Вообще, если говорить о среднестатистическом немецком военнопленном и о среднестатистическом красноармейце. У нас до войны говорили, что у нас всеобщее среднее образование. Да возьмите строевую часть любой дивизии, полистайте список рядовых: три класса, четыре класса образования. Восемь классов? О, это будущий сапер или химик — вот так у нас было с образованием рядового состава. Так же было с офицерами — их же можно было обучать только из тех, кто есть… Например, у меня был приятель, он погиб на участке 109-й дивизии — Самуил Маркович Харитонов, преподаватель математики. Честный офицер, храбрый парень, до войны — преподаватель математики.
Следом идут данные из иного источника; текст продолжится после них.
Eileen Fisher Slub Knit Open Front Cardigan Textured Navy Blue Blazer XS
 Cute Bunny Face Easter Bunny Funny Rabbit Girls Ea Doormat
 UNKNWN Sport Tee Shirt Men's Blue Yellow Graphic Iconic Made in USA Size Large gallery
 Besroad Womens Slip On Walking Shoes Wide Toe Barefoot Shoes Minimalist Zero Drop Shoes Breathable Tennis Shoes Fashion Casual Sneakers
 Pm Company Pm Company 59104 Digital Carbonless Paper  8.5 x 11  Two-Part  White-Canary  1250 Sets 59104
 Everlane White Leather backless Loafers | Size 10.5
Он рупористом иногда работал, читал немцам тексты, но произношение у него было — за голову схватишься. На слух он немецкий язык вообще не понимал. И это нормальное явление было, при всех недостатках его немецкого языка он числился переводчиком в одном из полков 109-й дивизии! Далеко не все переводчики даже такого уровня. Самуил погиб так: он один шел на передовую по каким-то делам, и его в спокойный момент ранило в ноги. Пока его нашли, он истек кровью. Его отвезли в город, в госпиталь, ампутировали обе ноги, и на следующую ночь он умер. Я его навестила в госпитале перед смертью, но он уже никого и ничего не узнавал. Вот так погиб. На фронте нельзя погибнуть глупо, но все равно было очень грустно.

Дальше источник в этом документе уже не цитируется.